白戸は違和感を持ちながらも同僚の警察官に引き渡す。その際、見るはずのない顔を、この逮捕劇で注目を浴びている自分を見つめる顔の中から見つける。見当たりが覚える顔、そして、決して見つけることがある訳がない顔が目に入った。ここから物語は進んでいく。
物語は監視の仕組みや、権力のお話にもなる。そして、主人公は出会い系サイトで出会った女性と同棲をしている。こっちでももう一つの別のお話がある。メインの話と同じくらい、自分はこっちにも食いついた。文中に「出会い系サイトで出会った二人は、出会い系サイトで浮気するかもしれない」とあるように、出会い系での出会いは考えることが多い。

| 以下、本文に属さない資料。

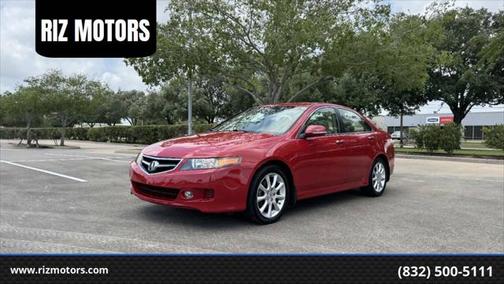 2007 Acura TSX Base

ただ、今の20代で出会い系を使ったことのない人がどのくらいいるのだろうか。出会い系で会って、結婚した人はどのくらいいるのだろうか。そんな人は結婚式で2人の出会いをどうやって説明するんだろう。
コンピューターが人間をある意味超え、監視・管理する社会になっているというメインのストーリーもハラハラさせた。ただ、それにもう1つの軸があること、それが出会い系という少し話すのがためらわれがちなテーマだったことも低評価にならない理由。ラストのページは早く先に!と思いながら読めたので。
P7 ただ、顔を見つけた。毎日100万人が行き交うといわれる新宿西口のあの場所に立ち、群衆の中に飛び込んできたたった一つの顔を見つけ出したのだ。それを、捕まえるだけのこと。